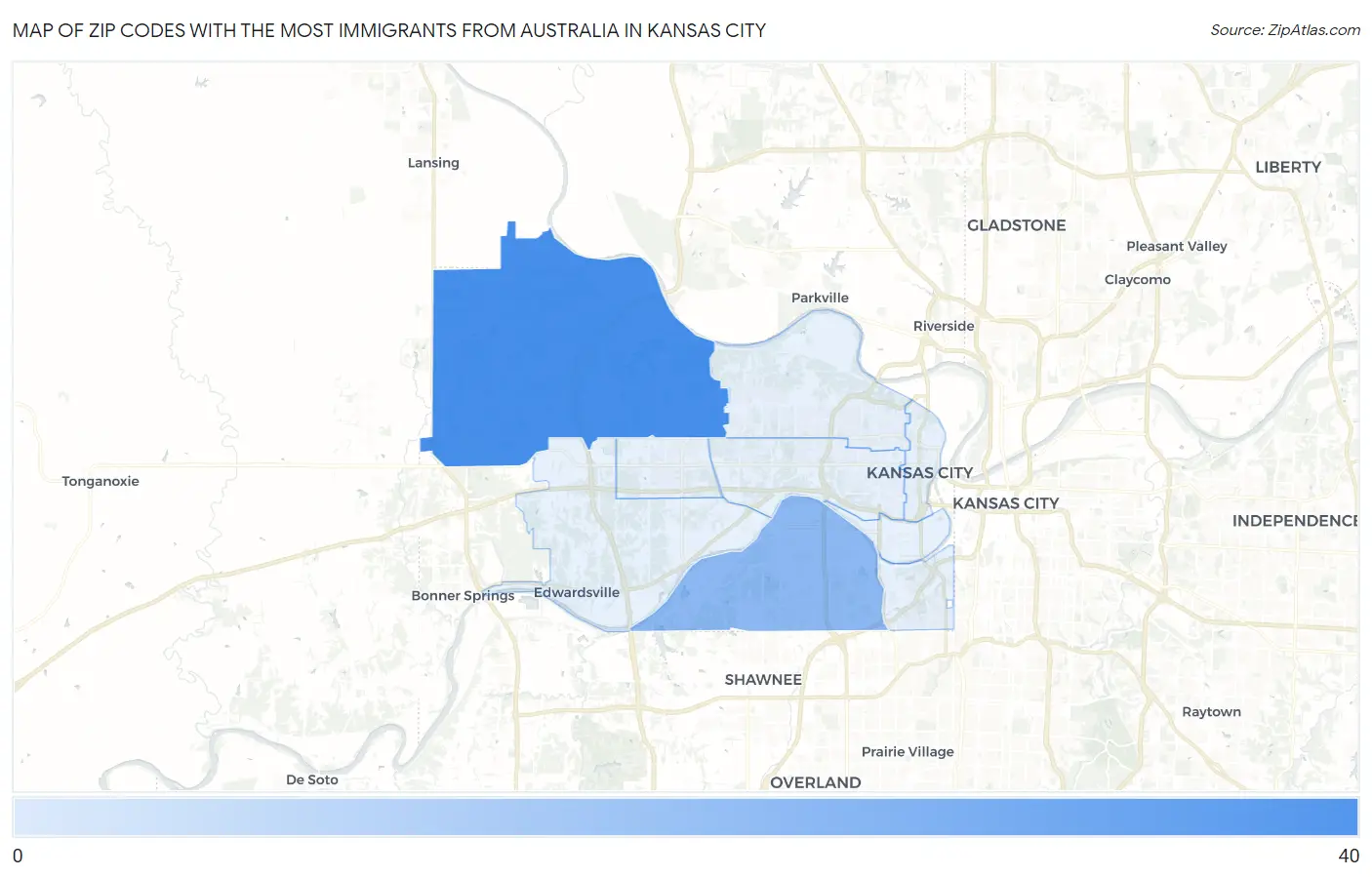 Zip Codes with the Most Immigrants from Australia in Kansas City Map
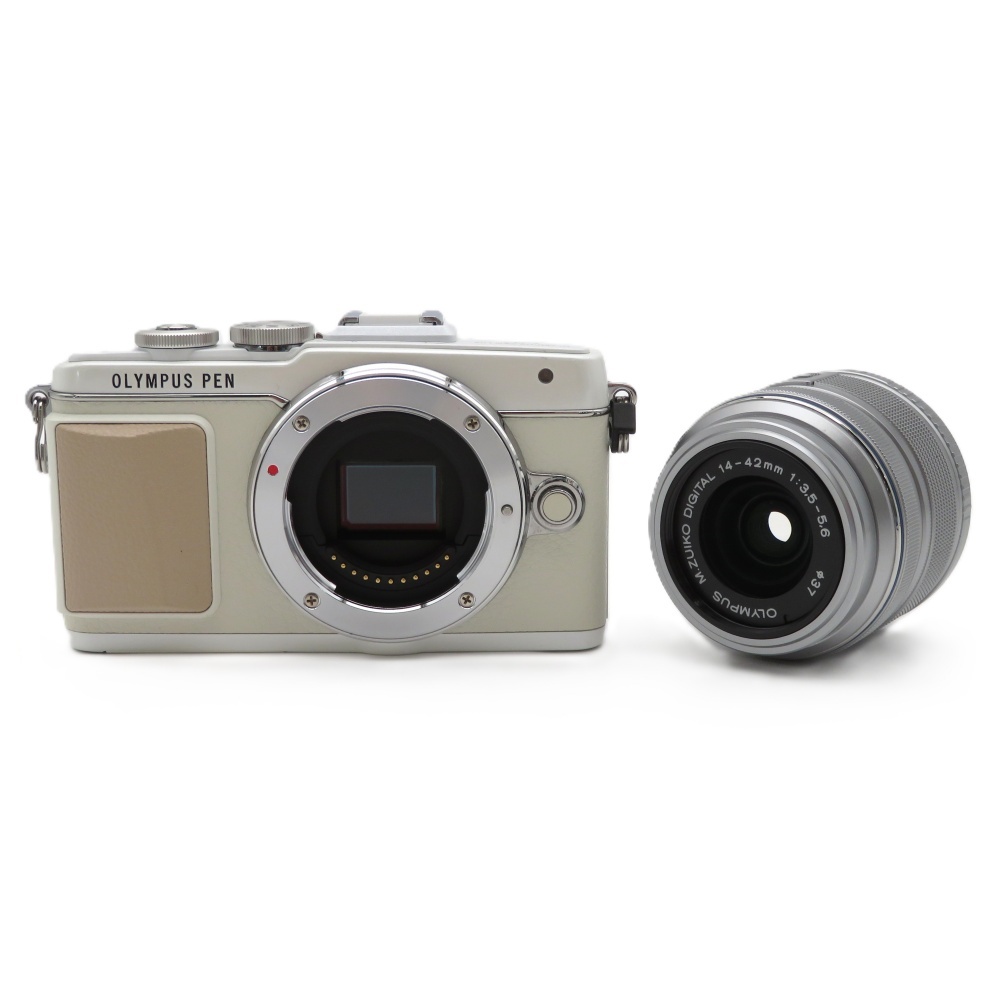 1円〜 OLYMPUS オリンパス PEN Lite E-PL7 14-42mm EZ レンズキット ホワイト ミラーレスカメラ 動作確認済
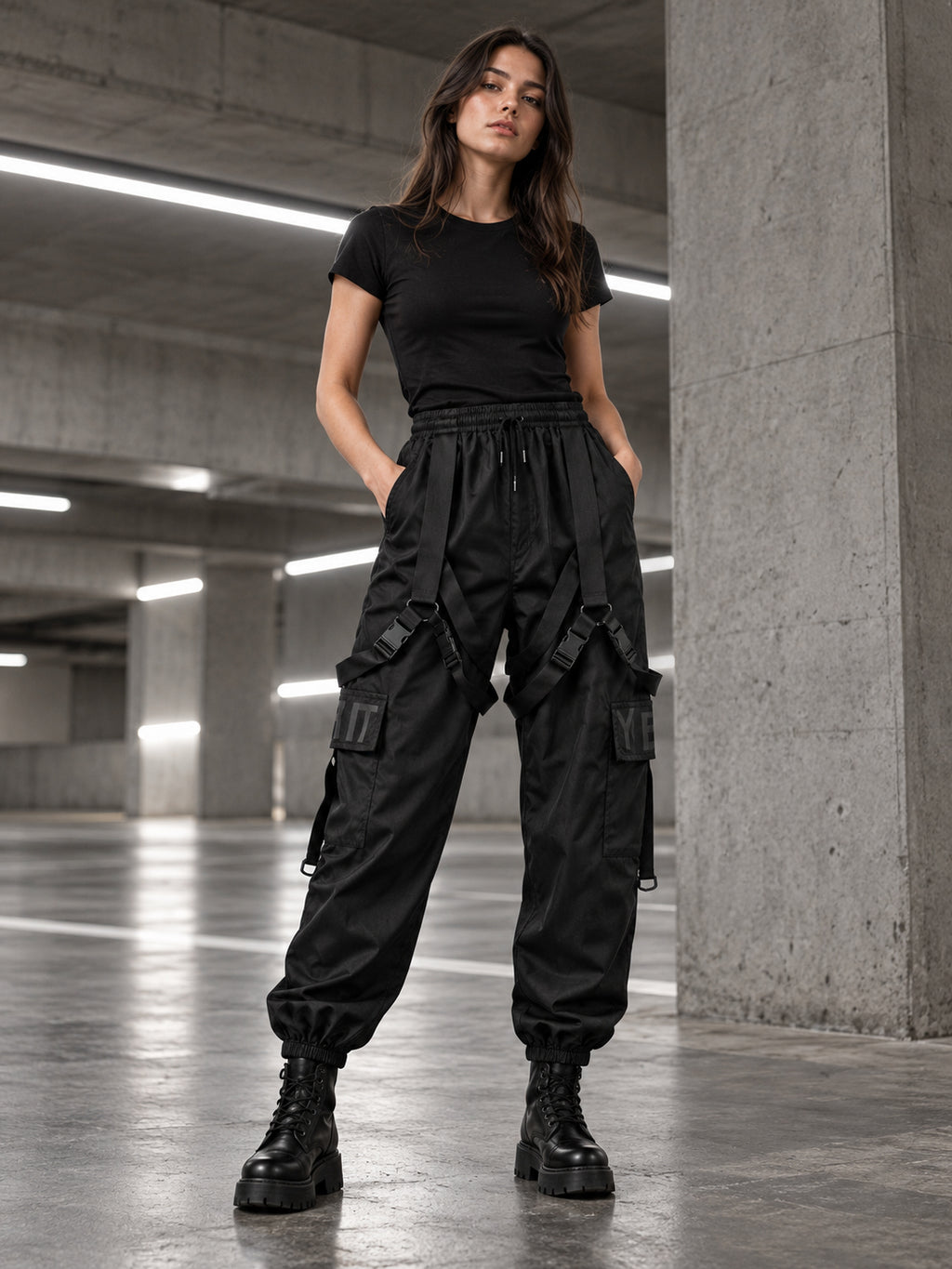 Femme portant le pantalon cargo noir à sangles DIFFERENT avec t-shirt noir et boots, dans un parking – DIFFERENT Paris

→ Requirement
Repeat, exactly and only, the lines from the one containing "1円〜 OLYMPUS オリンパス" through the final line of the data, both ends included, leaving out any picture.

→ Written response
 1円〜 OLYMPUS オリンパス PEN Lite E-PL7 14-42mm EZ レンズキット ホワイト ミラーレスカメラ 動作確認済
 Femme portant le pantalon cargo noir à sangles DIFFERENT avec t-shirt noir et boots, dans un parking – DIFFERENT Paris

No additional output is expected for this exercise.